* **Extracted material**
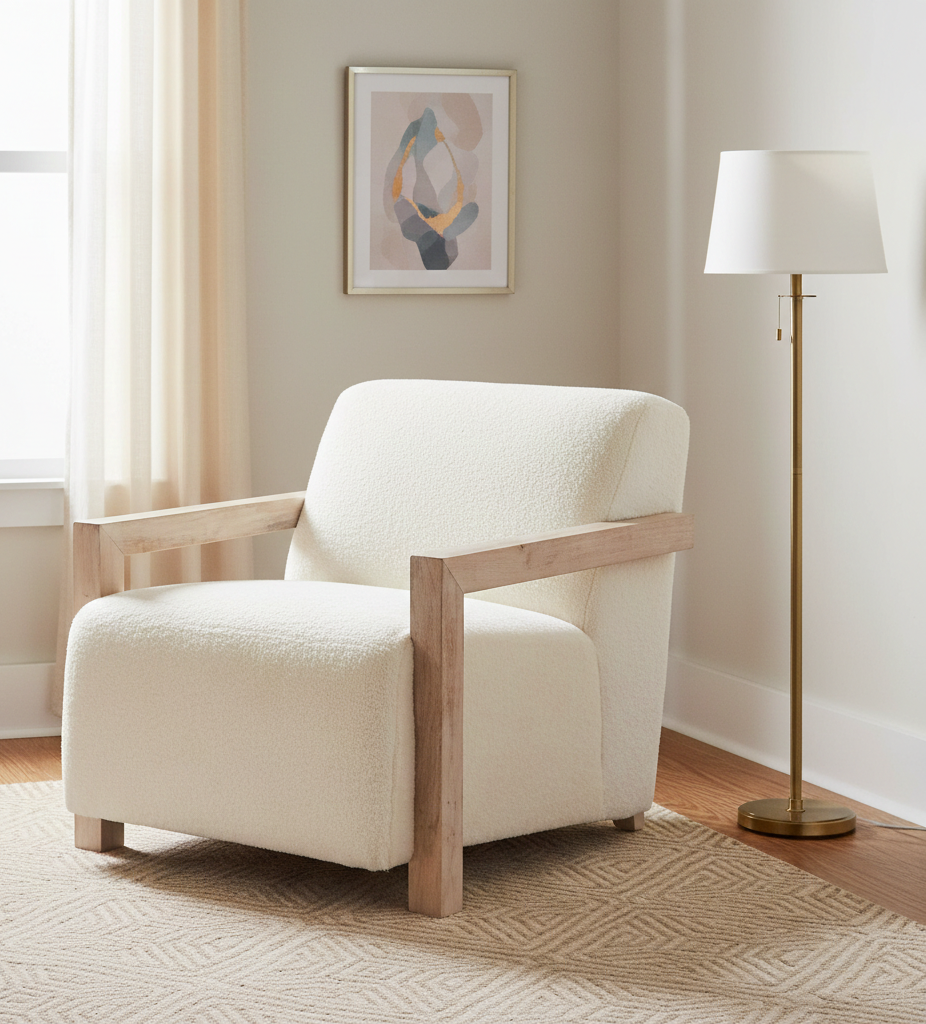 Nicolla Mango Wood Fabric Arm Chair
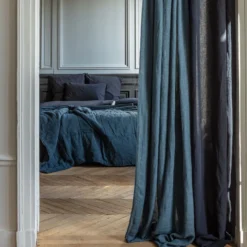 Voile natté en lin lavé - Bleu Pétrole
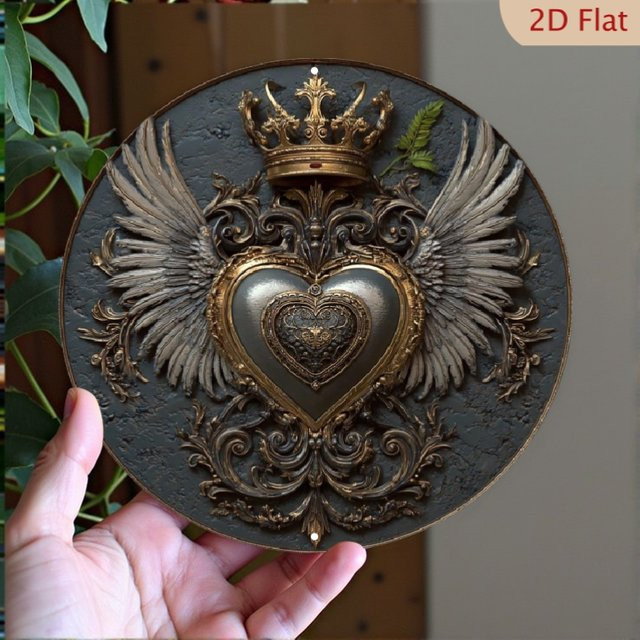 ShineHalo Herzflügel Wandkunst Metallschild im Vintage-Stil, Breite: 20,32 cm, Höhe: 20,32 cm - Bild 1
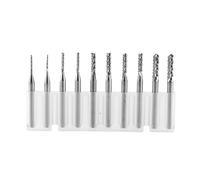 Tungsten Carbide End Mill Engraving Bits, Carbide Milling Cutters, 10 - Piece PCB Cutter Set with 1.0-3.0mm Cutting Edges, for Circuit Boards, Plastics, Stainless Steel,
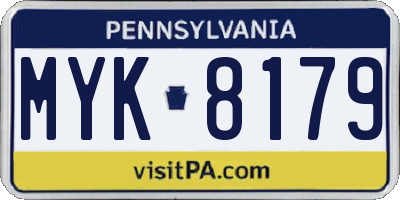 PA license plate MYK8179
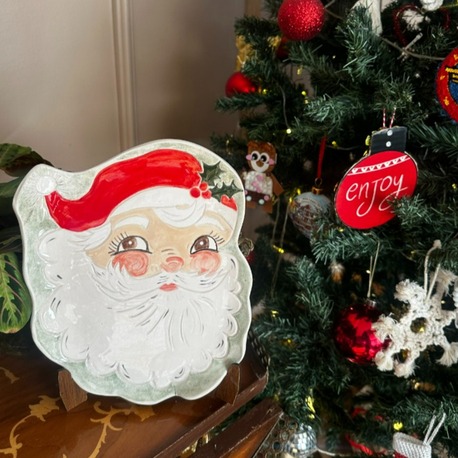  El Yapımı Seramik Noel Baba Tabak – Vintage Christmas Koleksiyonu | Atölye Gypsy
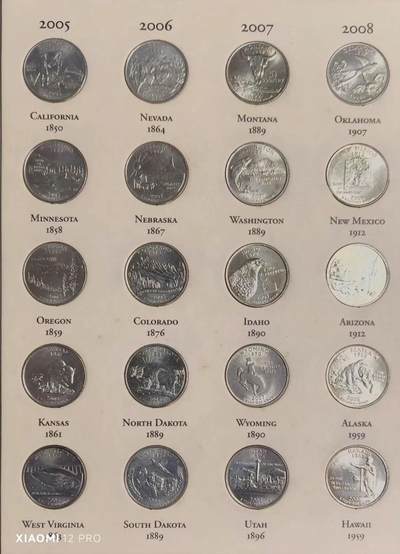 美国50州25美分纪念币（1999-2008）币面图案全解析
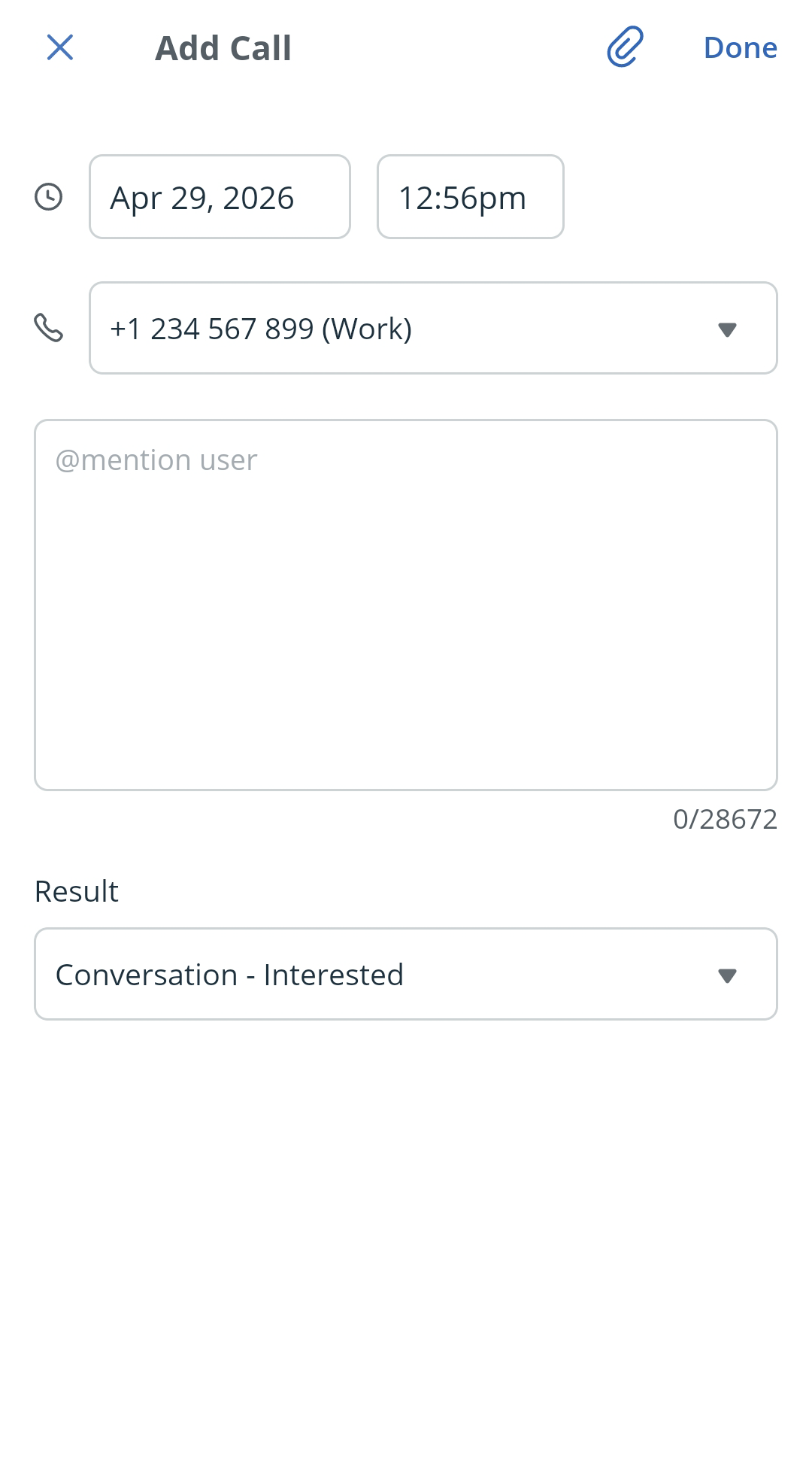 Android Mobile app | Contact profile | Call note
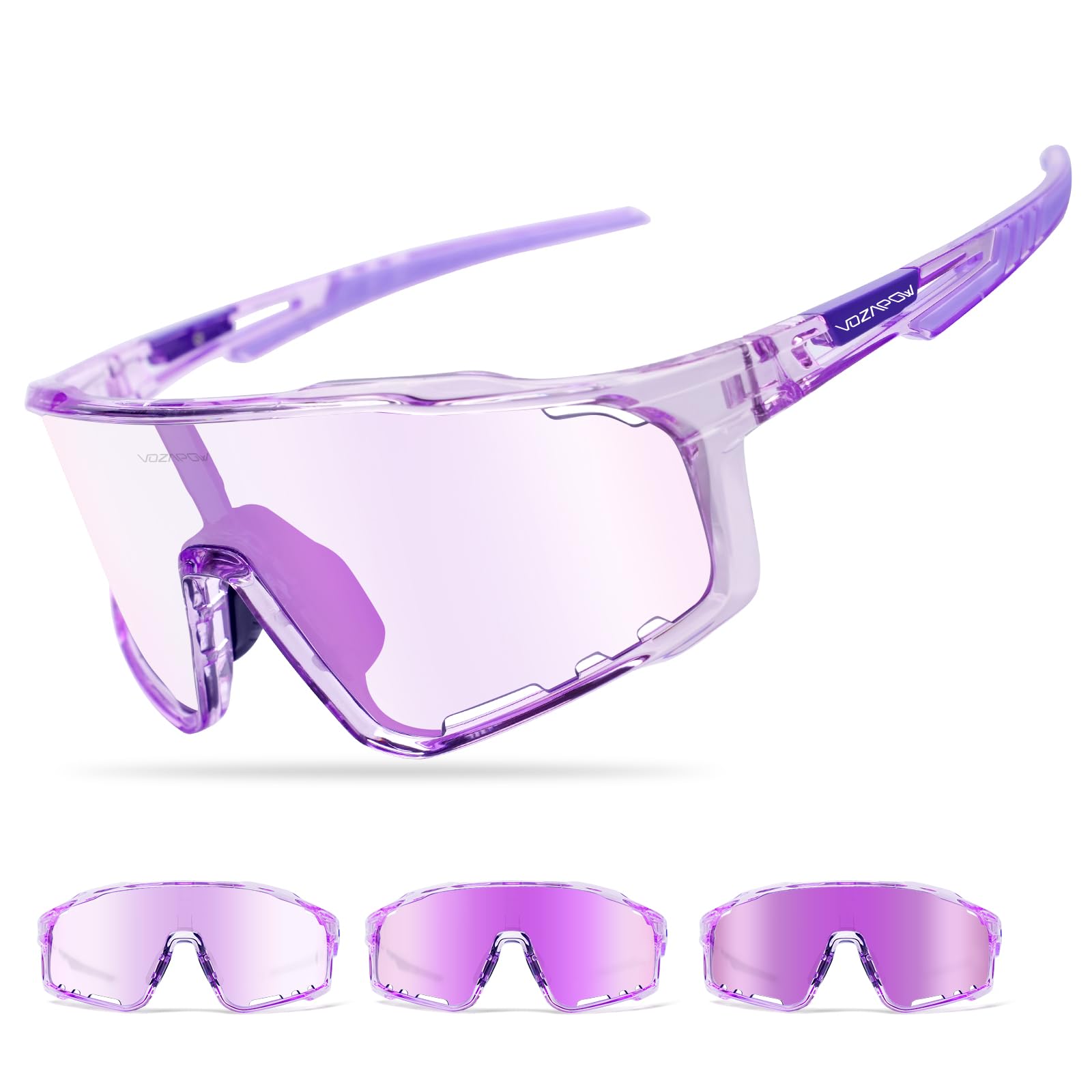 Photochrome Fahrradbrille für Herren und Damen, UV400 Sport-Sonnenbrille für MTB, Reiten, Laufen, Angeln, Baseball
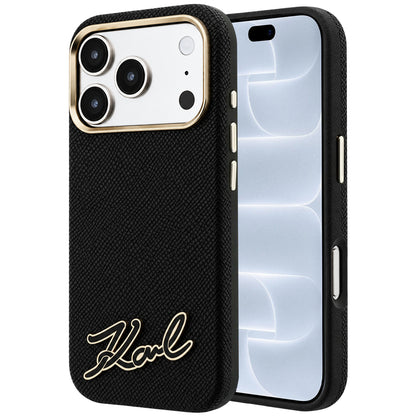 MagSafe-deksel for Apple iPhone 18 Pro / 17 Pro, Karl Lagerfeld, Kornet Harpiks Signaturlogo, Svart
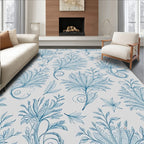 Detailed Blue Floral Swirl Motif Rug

* **Problem**
The answer must be the data above, repeated exactly, with no pictures.

* **Answer to the problem**
 Nicolla Mango Wood Fabric Arm Chair
 Voile natté en lin lavé - Bleu Pétrole
 ShineHalo Herzflügel Wandkunst Metallschild im Vintage-Stil, Breite: 20,32 cm, Höhe: 20,32 cm - Bild 1
 Tungsten Carbide End Mill Engraving Bits, Carbide Milling Cutters, 10 - Piece PCB Cutter Set with 1.0-3.0mm Cutting Edges, for Circuit Boards, Plastics, Stainless Steel,
 PA license plate MYK8179
  El Yapımı Seramik Noel Baba Tabak – Vintage Christmas Koleksiyonu | Atölye Gypsy
 美国50州25美分纪念币（1999-2008）币面图案全解析
 Android Mobile app | Contact profile | Call note
 Photochrome Fahrradbrille für Herren und Damen, UV400 Sport-Sonnenbrille für MTB, Reiten, Laufen, Angeln, Baseball
 MagSafe-deksel for Apple iPhone 18 Pro / 17 Pro, Karl Lagerfeld, Kornet Harpiks Signaturlogo, Svart
 Detailed Blue Floral Swirl Motif Rug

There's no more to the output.